For me personally, I find trust hard to come by. Trust doesn’t magically appear; it’s built through reliability and consistency that with time, we can finally develop a level of trust. But what we fail to accomplish is inspiring this confidence in ourselves. Too often are we in a constant state of dissatisfaction and judging how we’re doing in relation to others. We all make mistakes, and taking accountability for your actions is important, but what regularly happens is that we believe there is something intrinsically wrong with us. After all, it’s what we’ve been taught to do. But what this results in is a cycle of anxiety that tells us we might not be enough even though this couldn’t be further from the truth. 

So the real question here is how do we trust ourselves despite knowing that difficult times will inevitably come? The truth is that trust can’t predict the future, and we can’t always be sure that everything will be “ok”. But what we can do is know that we are strong enough to endure it and know that everything we need is already within ourselves. It’s because of this fight, flight, freeze reaction that we just want to protect ourselves, and that’s perfectly fine to do and it shows that you do truly care for yourself. But having the awareness to know this and that you act out of self-care is how we can begin to trust ourselves. Trust doesn’t mean everything will be ok; it means that everything is already ok. While we can’t know that everything will work out as we expected, we can trust ourselves to be ready for it and be all we need to be happy.

Creating Friendship with Ourselves

To add another quick editorial, much of what I have been saying is what I’ve personally found useful in giving me fulfillment and joy. Take it from an especially academic self-conscious student, I know how it feels to think that you aren’t “smart enough” to do well in a class or “outgoing enough” to start that club. What ends up happening in most cases is that I would shy away from these opportunities and never give myself a chance to prove my worth. But one strategy that I’ve learned is to pretend that I’m listening to a friend rather than myself. We tend to be more considerate when we listen to our friends’ problems rather than our own because we can look at them objectively rather than subjectively. Think about it: when your friends come to you with their insecurities, you usually dismiss them as irrational or false. The same logic can be applied to ourselves.

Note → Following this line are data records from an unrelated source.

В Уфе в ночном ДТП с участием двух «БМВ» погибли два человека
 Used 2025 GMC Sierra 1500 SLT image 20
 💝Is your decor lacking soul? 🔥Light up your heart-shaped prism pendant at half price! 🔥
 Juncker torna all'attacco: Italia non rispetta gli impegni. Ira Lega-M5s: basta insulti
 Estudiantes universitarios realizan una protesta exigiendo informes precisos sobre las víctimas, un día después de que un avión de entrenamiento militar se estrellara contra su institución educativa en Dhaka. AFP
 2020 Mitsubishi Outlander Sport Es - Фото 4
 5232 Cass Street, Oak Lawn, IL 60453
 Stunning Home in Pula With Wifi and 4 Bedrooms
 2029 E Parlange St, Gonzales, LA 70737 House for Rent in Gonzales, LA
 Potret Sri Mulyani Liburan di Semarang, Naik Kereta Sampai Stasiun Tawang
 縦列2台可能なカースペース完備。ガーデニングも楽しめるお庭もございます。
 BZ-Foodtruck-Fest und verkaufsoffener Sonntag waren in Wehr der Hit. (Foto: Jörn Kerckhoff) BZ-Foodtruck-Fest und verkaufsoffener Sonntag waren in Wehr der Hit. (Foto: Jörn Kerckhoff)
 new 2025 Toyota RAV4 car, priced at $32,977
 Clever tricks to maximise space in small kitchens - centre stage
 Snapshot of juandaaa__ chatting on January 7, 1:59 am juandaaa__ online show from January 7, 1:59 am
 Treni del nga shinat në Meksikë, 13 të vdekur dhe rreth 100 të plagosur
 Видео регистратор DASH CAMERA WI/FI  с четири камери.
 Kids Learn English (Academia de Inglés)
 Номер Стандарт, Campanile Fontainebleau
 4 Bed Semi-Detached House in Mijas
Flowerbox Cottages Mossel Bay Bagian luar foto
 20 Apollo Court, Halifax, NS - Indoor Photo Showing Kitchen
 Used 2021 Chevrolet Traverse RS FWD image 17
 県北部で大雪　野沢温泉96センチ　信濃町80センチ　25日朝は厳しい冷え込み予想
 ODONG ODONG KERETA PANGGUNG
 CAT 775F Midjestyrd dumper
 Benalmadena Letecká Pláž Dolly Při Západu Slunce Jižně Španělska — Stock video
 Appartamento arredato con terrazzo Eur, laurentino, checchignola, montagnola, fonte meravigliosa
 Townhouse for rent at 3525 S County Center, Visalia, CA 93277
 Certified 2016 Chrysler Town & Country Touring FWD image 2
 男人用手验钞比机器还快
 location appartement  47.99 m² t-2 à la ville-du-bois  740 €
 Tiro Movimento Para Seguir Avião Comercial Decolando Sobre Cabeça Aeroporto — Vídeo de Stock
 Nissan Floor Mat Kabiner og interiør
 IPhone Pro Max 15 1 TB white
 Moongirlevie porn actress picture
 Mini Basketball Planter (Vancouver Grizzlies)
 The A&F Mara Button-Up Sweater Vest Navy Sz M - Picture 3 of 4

It’s only when we begin to love ourselves that we can start to love others. I know how cliche and sappy and overused that line sounds, but I honestly can’t give better advice than what the short phrase offers. I think the problem with this phrase is that it doesn’t specify what kind of love we should give ourselves. Most of the time, our love is conditional. While there’s nothing wrong with setting standards and holding yourself to certain expectations, we often base our self-worth on a list of demands rather than who we are as people. Yet, when things don’t go the perfect way we imagined, our love falters and we begin to think we don’t deserve it. Our relationships are not meant to be conditional and temporary; that’s not what that phrase embodies. What it means is that through thick and thin, we are there for ourselves at all times and constantly accepting of who we are. It’s by doing this that you allow others to be who they are and have the freedom to be themselves. When you free yourself of judgement, you can then look outward with an open mind and appreciate the world around you. You don’t have to go around yelling and screaming how much you love others (although I’ve never tried this technique). Being your true authentic self is more than enough, and never think that isn’t true.

2 thoughts on “Becoming Your Own Best Friend”

  1. Sophia Troshynski

    It’s fascinating to think about how we go back to our fight/flight/freeze instincts in our daily lives. I usually only think about those instincts being used in times of urgency, but they come up much more often than that. This is so well written!